When Igboanugo Anyichukwu comes to Salzburg for the first time, he does something that many people do: he gets on the bus No. 150 in the direction of Bad Ischl. While the people sitting next to him eagerly whip out their cameras, Igboanugo is travelling to the Caritas emergency shelter. But because the bus driver forgets to let him get off at the right stop, he ends up making the journey through the picture-postcard idyll – to the end of the line, where the forgetful driver realises their mistake.
A little later, Igboanugo will think back on this odyssey. While looking for a suitable place to set himself up, he remembers seeing a supermarket at the entrance to St. Gilgen. He took the bus to the Salzkammergut region for a second time and introduced himself to the owner of the shop as an Apropos vendor. And so it happened that the sales career of a man from a village in southern Nigeria began in St. Gilgen on Lake Wolfgang.
Six days per week, Igboanugo sold his magazines to locals and holidaymakers in the area. He saved the money that he earns with a grim determination, and when the summer visitors returned to their hotels in the evening, he slipped into his sleeping bag. For weeks, he slept in some bushes, washed himself down by the lake and, in his own words, ate “like a dog,” only to be back outside the supermarket the next morning.
Looking back, he says that he is glad to have had this experience, because now he knows what it means to have no roof over your head. It is a view that suits the quiet and reflective man – a quiet belief that nothing happens in life without reason.
And yet, there were things that he had to get use to at the beginning. The cold in winter, which he did not know from his homeland. The empty streets on Christmas Eve. The way that people do not greet strangers. And yet he liked it there.
He describes the feeling he has had since his arrival in St. Gilgen as a kind of inner peace.
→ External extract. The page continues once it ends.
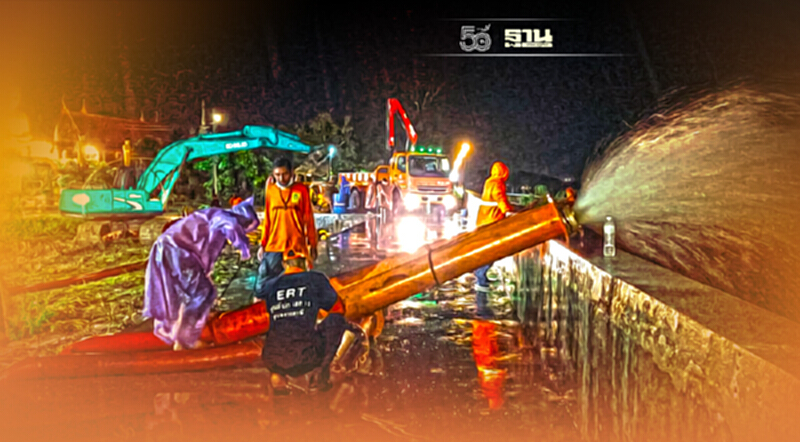 เช็คพื้นที่เฝ้าระวังน้ำล้นตลิ่ง-น้ำท่วมขัง 29 ก.ย.64 เช็คพื้นที่เฝ้าระวังน้ำล้นตลิ่ง-น้ำท่วมขัง 29 ก.ย.64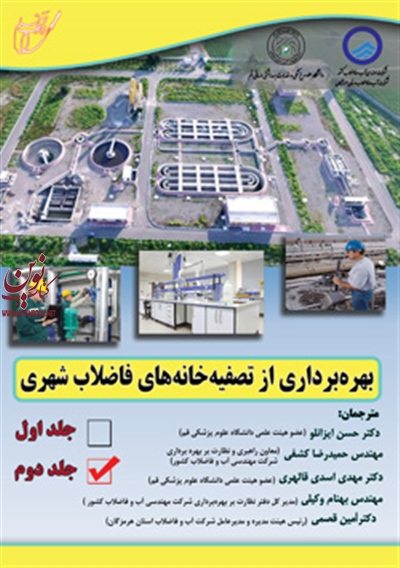 بهره برداری و نگهداری از تصفیه خانه های فاضلاب جلد دوم حسن ایزانلو انتشارات آوای قلم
And he felt part of this community, even though he didn’t know many people yet. Only once did an older man loudly berate him in front of the supermarket, telling him to leave and find a real job. Was that racism? Igboanugo thinks about this for a while and then shakes his head. What did that man know about his struggles of yesterday and his plans for tomorrow, about the daily effort that it takes to get from one to the other?
He needed a room and a permanent job. Then, one day, the money should be enough for his wife and daughter to come to Austria.
When the owners of the supermarket found out that Igboanugo was sleeping rough, they helped him to find a room. It was an important step – perhaps the most important for a person living on the street: with an address, his chances of getting a job and a regular income increased. He now has the prospect of a job with a cleaning company.
Then there is his additional income as a market trader. Every Sunday, Igboanugo comes to Salzburg to sell items that he has been given or bought from others at the flea market on Münchner Bundesstraße. He says that people have no idea what treasures are lying around in their cellars and attics and how valuable the supposed junk is for many people in his home country.
When he talks about his work at the flea market, you can tell that it is a passion. Buying and selling goods, setting prices and talking to customers: it’s a talent. Who knows where it will take him?